Around 57 are still around today, with the most famous Fabergé eggs being the 50 Imperial designs which were made for the Russian Tsars Alexander III and Nicholas II as Easter gifts. Only 43 of these Imperial designs still exist, although there are photographs of a further 3 of the missing 7. The other Fabergé Egg collections were made for other private clients, but were nowhere near as ornate and were not unique designs, being copies of other eggs.
The First Hen Fabergé Egg
The very first Fabergé egg can be dated back to 1855, when award winning master goldsmith Peter Carl Fabergé was employed by the Russian Tsar Alexander III. Alexander wanted a gift made for his wife Empress Maria Feodorovna for Easter – an important celebration on the Russian-Orthodox ecclesiastical calendar.
Fabergé, who had been running the House of Fabergé since inheriting it from his father in 1872, was well known for his skill and love of crafting fine jewellery and objects as well as assisting restorations for the Hermitage Museum.
The first Fabergé egg was based on the 18th century Saxon Royal Egg, which Fabergé had seen in Dresden at the Green Vault museum. This egg was gold in colour encasing a golden hen, a gold crown and a ring. The Fabergé version had a white enamel outer, opening to a gold yolk which housed a small golden hen – which in turn opened to reveal a pendant. This final “surprise” was a direct request from Tsar Alexander III as a secret gift for Maria and became a precedent that followed in subsequent eggs. The Tsar wanted his wife to be surprised with the inclusion of a gift within the egg, however after this, Fabergé was given the freedom to create whatever he desired as long as it had some bearing on the Russian family. He was also appointed as the “goldsmith by special appointment to the Imperial Crown”, a great accolade for both Peter Carl Fabergé and the House of Fabergé as a business.

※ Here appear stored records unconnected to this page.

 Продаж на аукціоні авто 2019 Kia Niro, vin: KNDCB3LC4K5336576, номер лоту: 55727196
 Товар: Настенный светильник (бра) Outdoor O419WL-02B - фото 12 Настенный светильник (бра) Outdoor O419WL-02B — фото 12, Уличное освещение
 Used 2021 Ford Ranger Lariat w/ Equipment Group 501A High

Imperial Easter Fabergé Eggs
In the following years, Fabergé would create and bring to life his own designs and work as the lead on the production of the Imperial Easter Fabergé eggs. 50 known Imperial eggs were created over a period spanning 3 decades up till Tsar Alexander III’s death in 1894. His son, Tsar Nicholas II, kept the Fabergé Easter egg tradition alive but upped the ante, commissioning Fabergé to create not one but two eggs per year; one which he gifted to his mother and the other for his wife Alexandra. These were in addition to the other Fabergé egg collections being commissioned, including the
The various eggs were all unique, made from a range of materials and in a number of different designs, featuring tri coloured gold &crystal and beset with gems and stones like diamonds, pearls and emeralds. The size differed also, with some eggs coming in at just under three inches and some being over five inches tall. However, a common misconception is that all the eggs opened to include a ‘surprise’ which actually wasn’t the case.

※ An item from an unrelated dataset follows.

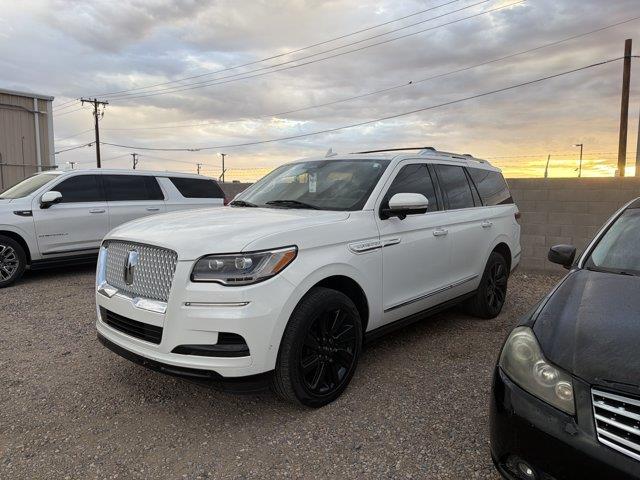 2023 Lincoln Navigator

The look and materials used wasn’t the only thing that Fabergé needed to consider – the eggs needed to include a personal touch for the royal family and as such, Fabergé studied, developed and came up with ideas that were meaningful and special. This work was often time heavy and painstaking for the expert miniaturists that were tasked with painting tiny portraits on the ivory. One of the best kept secrets was the theme of the next egg with not even the Tsar himself being informed, adding to the excitement when the time for the grand unwrapping occurred.
The Coronation Egg
The most iconic Imperial Fabergé egg of all time is arguably the Coronation Egg, dated to 1897 which was designed to commemorate Alexandra’s imperial coronation. This is currently part of the collection held at the Fabergé Museum in Saint Petersburg, Russia and is shown alongside the first Hen egg, the Renaissance, the Rosebud, Lillies of the Valley, the Cockerel, the Fifteenth Anniversary, the Bay Tree and the Order of St. George eggs.
The Coronation Egg was made to commemorate the Tsarina Empress Alexandra Fyodorovna, Tsar Nicolas II’s wife, and inside it’s gold exterior nestled a precise replica of the Imperial coach that she rode in to her coronation at the Uspensky Cathedral in May 1896. The egg colours, gold with lime yellow enamel, are to represent to robe she wore at her coronation, with the pattern picked out in greenish gold and enamelled opaque black drawn from the same robe.
The egg and the replica coach are in good condition, but the original stand has been lost.